• [Problem requirements] Go to the line below that contains "ATPOVA｜【 26WI18 】 L/Cキャバス＆裏毛MIX カーディガン(製品染)". From there to the end of the records, reproduce each line exactly, except the pictures.
+ + + + + + +
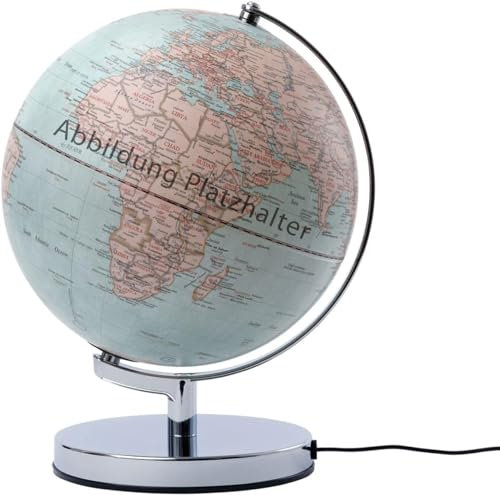 Globus mit 43 cm Durchmesser und Standfuß – APOLLO – verchromter Metallfuß, Gesamthöhe 1,32m – Kartenrelief – zwei bewegliche Achsen – silberfarben – TROIKA Original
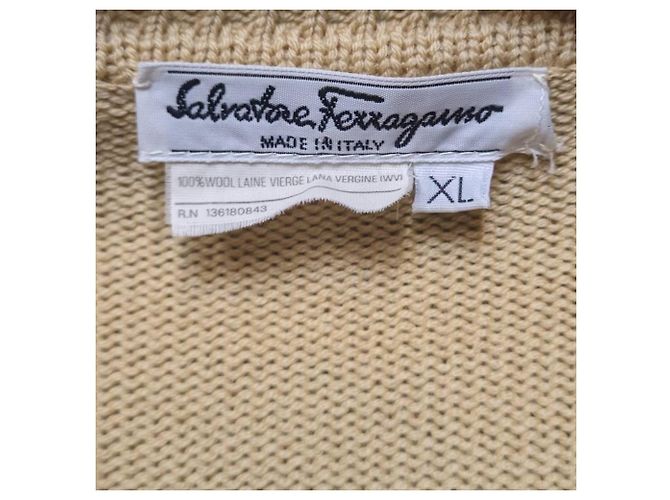 Salvatore Ferragamo Cardigan aus den 80ern Beige - Ansicht 4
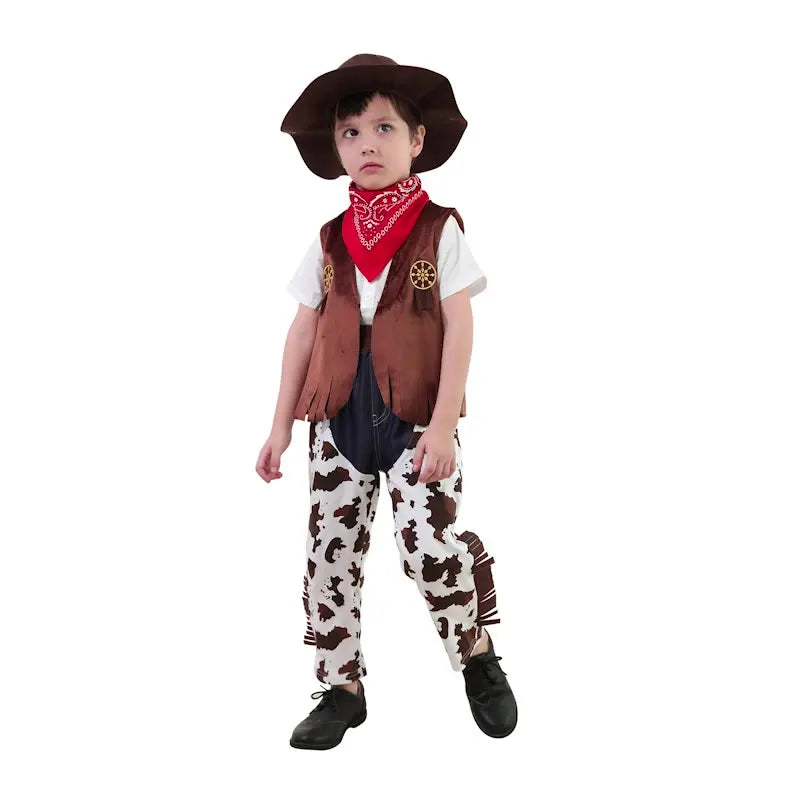 Cowboy Costume Children Western Cowboy Costumes Purim Cosplay Halloween Event Dress Up Party Stage Performance Outfits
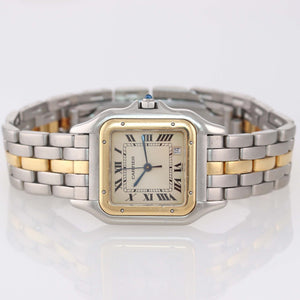 Ladies Cartier Panthere 18k Gold Steel One Row Two Tone 27mm Quartz Date Watch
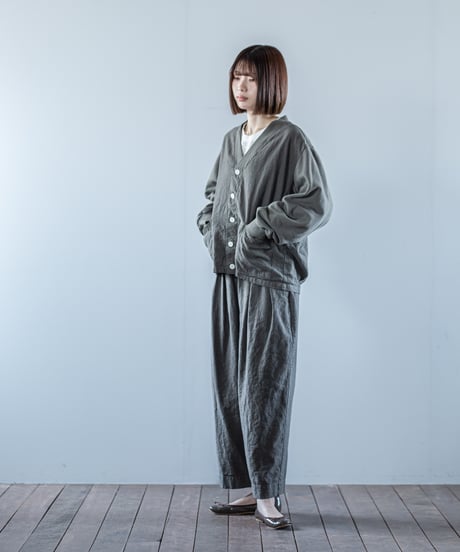 ATPOVA｜【 26WI18 】 L/Cキャバス＆裏毛MIX カーディガン(製品染)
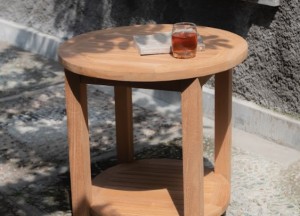 Ronde Teakhouten Salontafel 60 cm met Onderblad Buiten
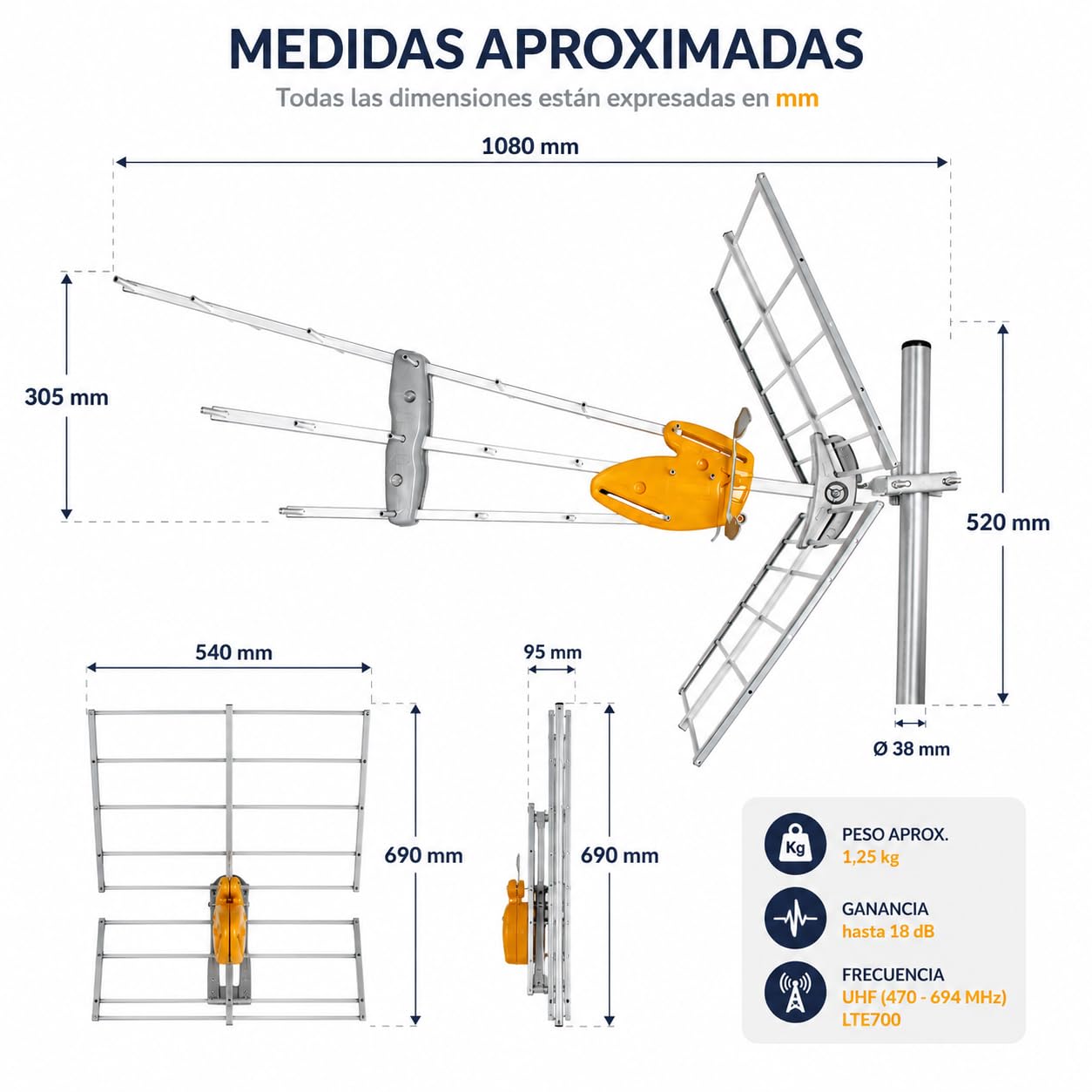 CABLEPELADO - Antena TV Exterior DAT Boss UHF para 2º Dividendo Digital LTE700 | Filtro Anti-Interferencias 4G 5G Rango 470-694 MHz | Ganancia hasta 18 dB Chasis Aluminio para Mástil | Gris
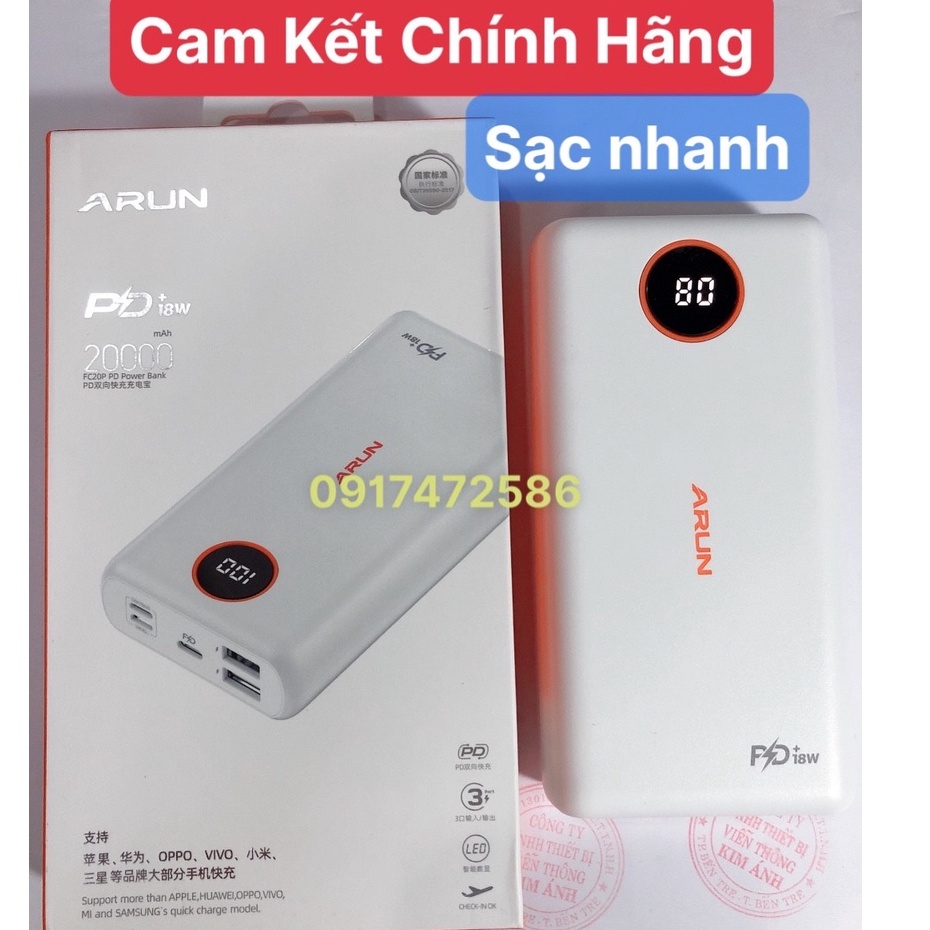 Sạc Dự Phòng Arun FC20P Pro 20000 mAh (PD 22.5W, QC3.0) Sạc Nhanh 2 Chiều Type C, Hàng chính hãng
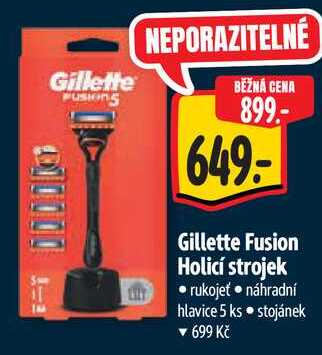 Gillette Fusion Holicí strojek, rukojeť + náhradní hlavice 5 ks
+ + + + + + +
• [Written solution]
 ATPOVA｜【 26WI18 】 L/Cキャバス＆裏毛MIX カーディガン(製品染)
 Ronde Teakhouten Salontafel 60 cm met Onderblad Buiten
 CABLEPELADO - Antena TV Exterior DAT Boss UHF para 2º Dividendo Digital LTE700 | Filtro Anti-Interferencias 4G 5G Rango 470-694 MHz | Ganancia hasta 18 dB Chasis Aluminio para Mástil | Gris
 Sạc Dự Phòng Arun FC20P Pro 20000 mAh (PD 22.5W, QC3.0) Sạc Nhanh 2 Chiều Type C, Hàng chính hãng
 Gillette Fusion Holicí strojek, rukojeť + náhradní hlavice 5 ks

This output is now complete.